Dave Benson has a career that spans over 30 years, including some of AOR’s most prestigious call letters, but made his reputation in Triple A at the helm KBCO/Denver-Boulder as it became a market dominator in the late ’90s, before heading west to KFOG/San Francisco where he led the heritage station back to a position of prominence in the Bay Area. After KFOG didn’t renew is contract in Q2 of ’09 he landed in another significant Triple A PD position at KMTT/Seattle. In this exclusive e-QB interview, Benson talks about the trepidation of facing unemployment in the current economy, the current broadcast landscape, and keeping a station relevant in a world of ever-expanding entertainment outlets.
By Jack Barton
In a career that spans over 30 years, Dave Benson spent time at some of AOR’s most prestigious call letters, including WYSP/Philadelphia and Chicago’s WLUP, before landing at SBR Media Strategies as it was emerging as the key consultancy in Triple A during the format’s infancy. It was from that position that Benson grew into one of the key programmers in the format, going on to helm KBCO/Denver-Boulder as it became a market dominator in the late ’90s, before heading west to KFOG/San Francisco where he led the heritage station back to a position of prominence in the Bay Area. With Benson’s reputation as an intelligent PD with a strong understanding of Triple A who consistently delivers results, it was a shock to most of the industry when KFOG parent company Cumulus Media didn’t renew his contract during the first half 2009. But as quickly as Benson could make plans to spend his summer traveling, Entercom called about filling the recently vacated PD chair at KMTT/Seattle. Benson joined The Mountain in August and hit the ground running, making a change in the morning show and working with the staff to re-energize one of Triple A’s premiere stations. In this exclusive e-QB interview, Benson talks about the trepidation of facing unemployment in the current economy, the current broadcast landscape, and keeping a station relevant in a world of ever-expanding entertainment outlets.

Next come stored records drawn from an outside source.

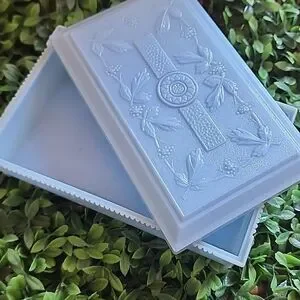 Vintage Rectangular Celluloid Lidded Vanity Table Box In Light Blue Coquette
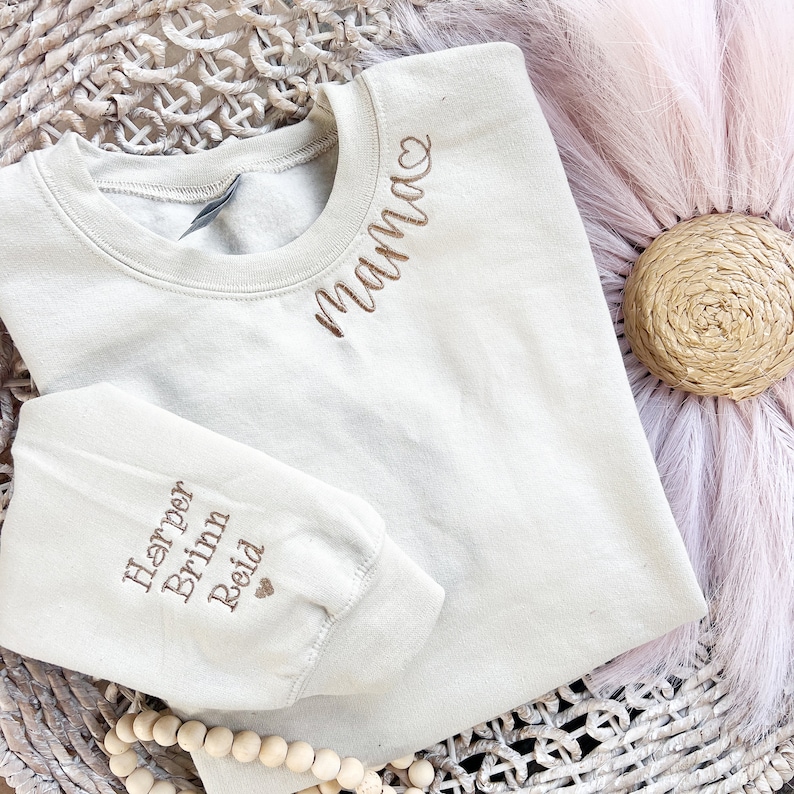 Embroidered Mama sweatshirt Kids names on sleeve Sweatshirt for mama Personalized w/ child's name on sleeve image 1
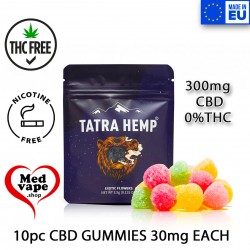 CBD GUMMIES MIXED FRUIT 300MG 10PCS - TATRA HEMP WEED THC MEDVAPE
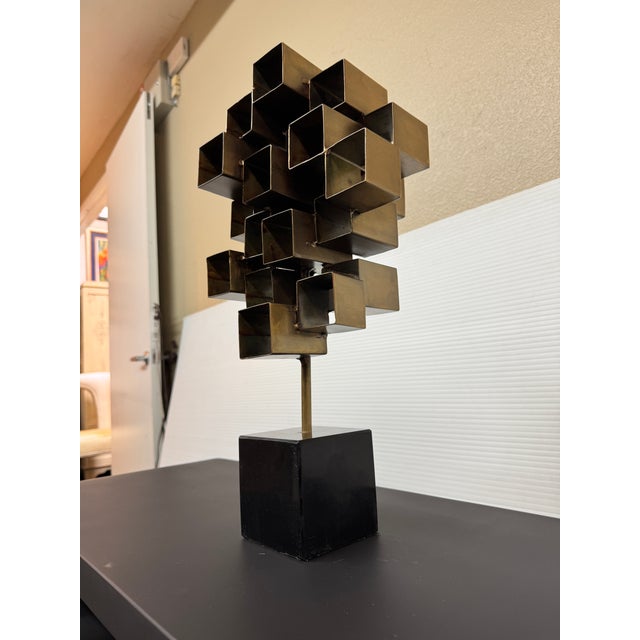 Brass Arteriors Home Edan Brutalist Sculpture For Sale - Image 8 of 12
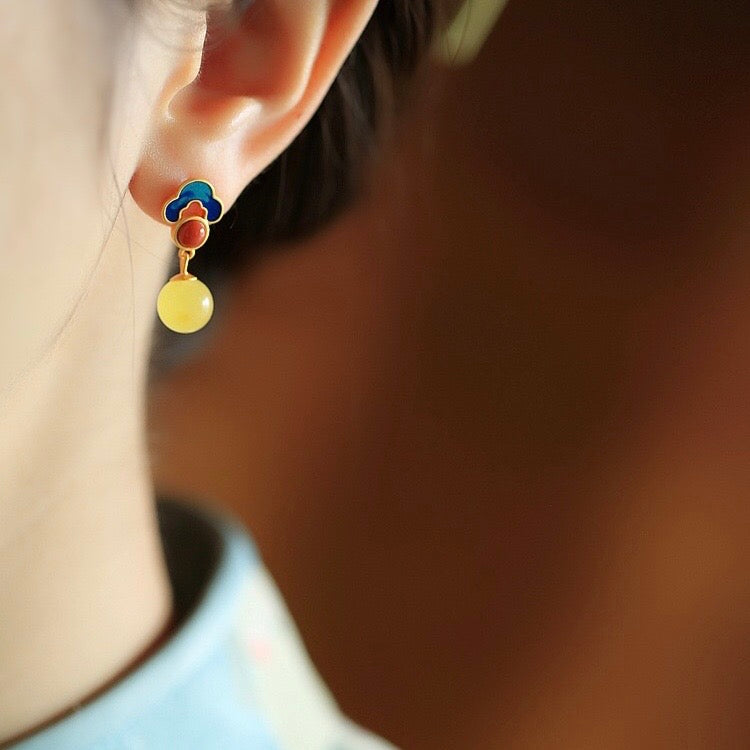 Feng Shui Enamel Amber Stud Earrings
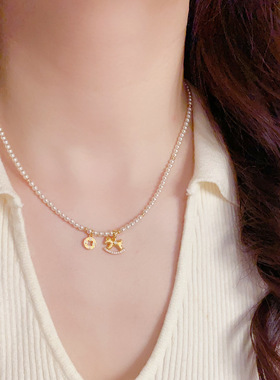 新中式气质时尚温柔大气百搭马上有钱珍珠毛衣项链轻奢简约感颈链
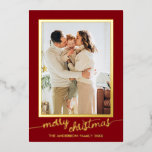 Minimalistisch één fotoscript Vrolijk kerstfeest Folie Feestdagenkaart<br><div class="desc">Modern,  elegant en minimalistisch design met één foto in een folie rechthoekig lijst met script "vrolijk kerstfeest" in variatie van vakantiejuweeltinten kleuren.</div>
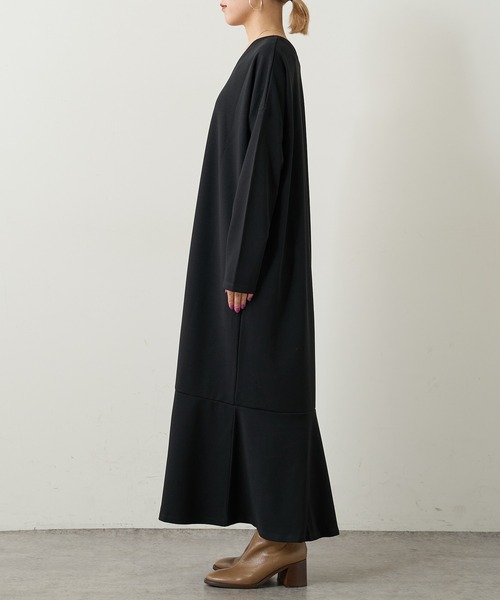 Omekashi(オメカシ)の「Onf(オンフ) カットジョーゼットペプラムドレス(ワンピース・レディース・ブラック/ブラウン・38/36)」の15枚目の写真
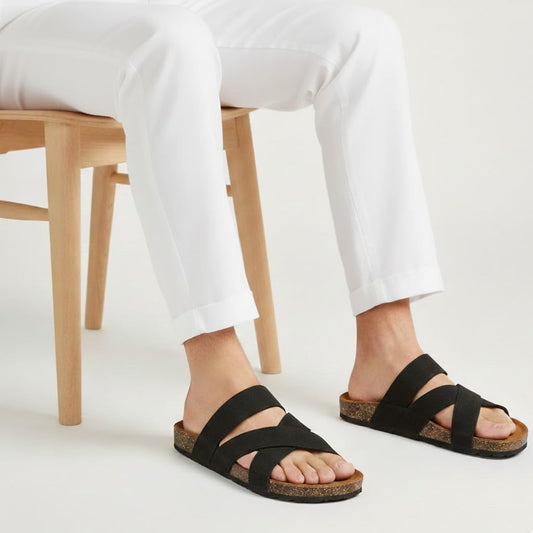 Men genuine leather slipper fashion casual look - Anti-slip  BLACK  - Size 41 Code 3010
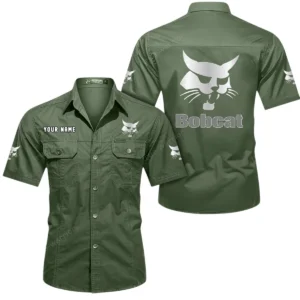 Bobcat Short Sleeved Shirt, All Over Print Button Shirt CAR444052625876 - Army Green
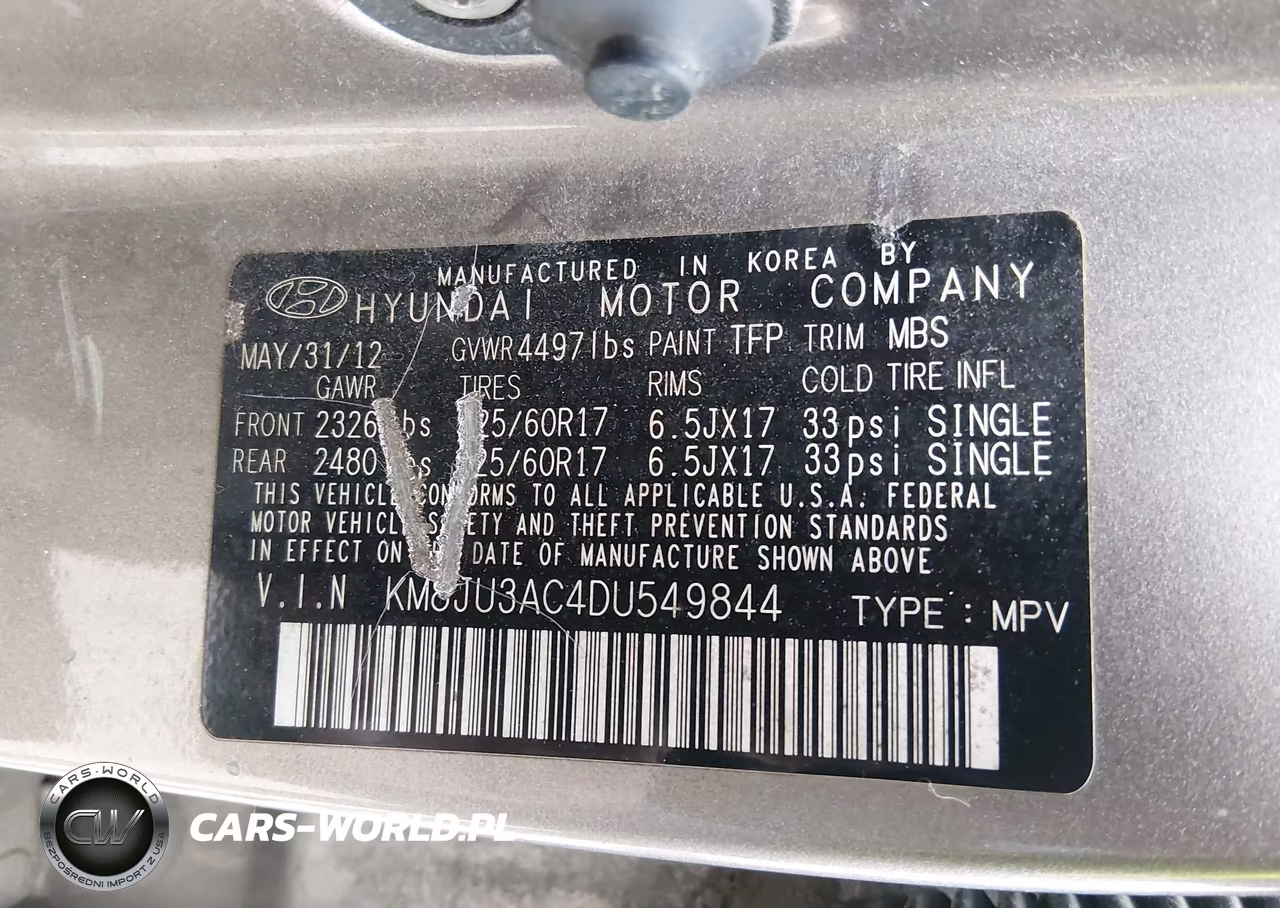 2013 Hyundai Tucson Gls VIN:KM8JU3AC4DU549844 - 9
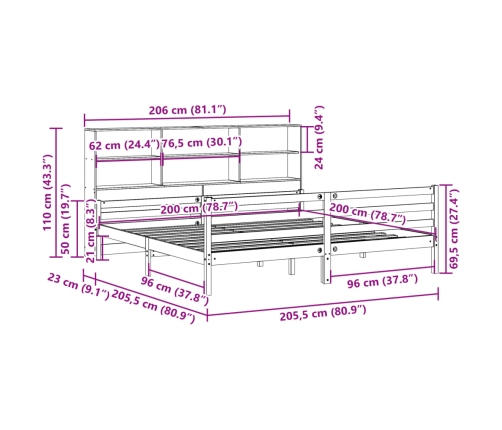 Cama con estantería sin colchón madera maciza de pino 200x200cm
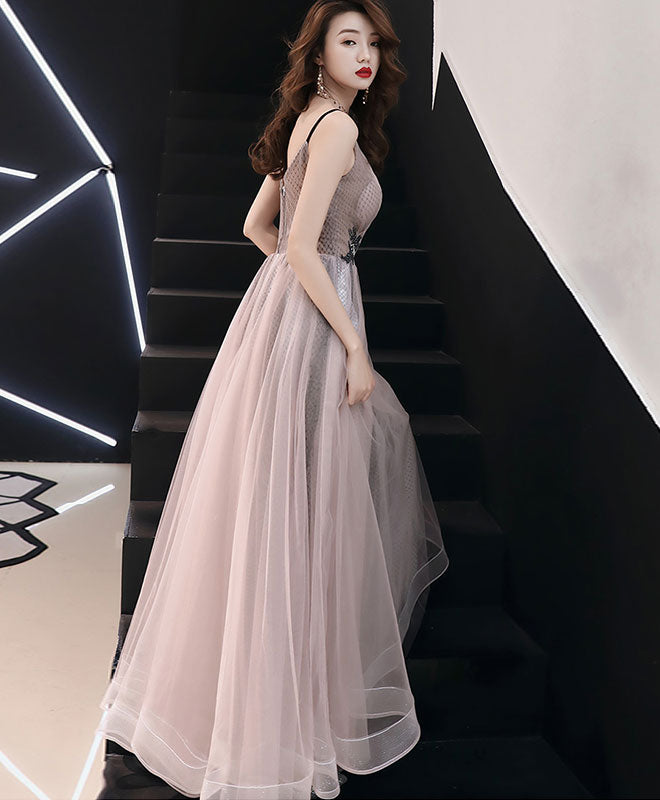 Elegant Champagne V-Neck Tulle Long Prom Dress for Women - Perfect for Evening Gala, Formal Dances & Special Occasions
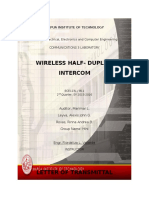 Wireless Half Duplex Intercom Proposal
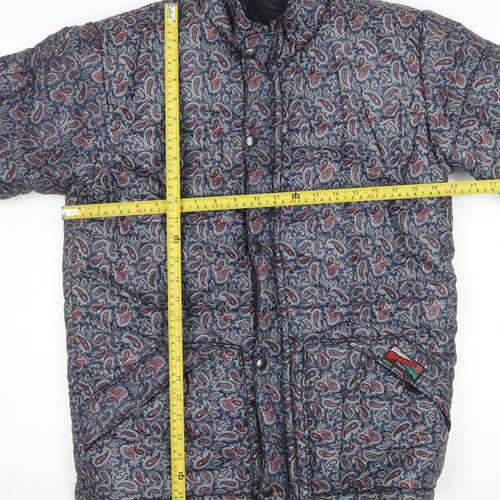 Bronte Women's Blue Paisley Quilted Puffer Jacket Size 10 UK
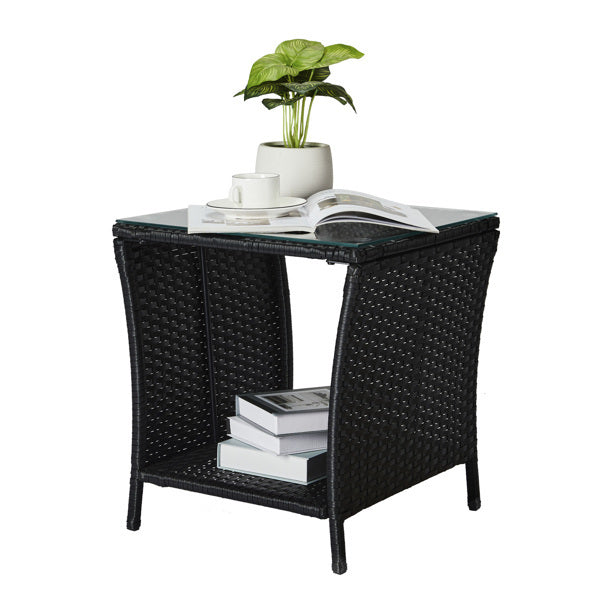 Glass-topped, Black Four-threaded Rattan, Double-layered, Braided Rattan Edge, N001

You had the experience of facing what all radio professionals fear most in the current economy when Cumulus didn’t renew your contract at KFOG earlier this year. What was your initial reaction on learning the news?
It wasn’t a big surprise. In the three years of working with Cumulus, there were years of reduced staffs, reduced budgets and reduced autonomy. Much of it was the economy forcing all radio companies to look at budgets and possible savings and to make some painful reductions. But by the time of the final year of my contract there were other mindsets and practices from the company that led me to believe that my chances of continuing with Cumulus were pretty slim. John Dickey told me in April that I’d done a great job, but they weren’t going to renew my contract which expired in late May. And that’s that.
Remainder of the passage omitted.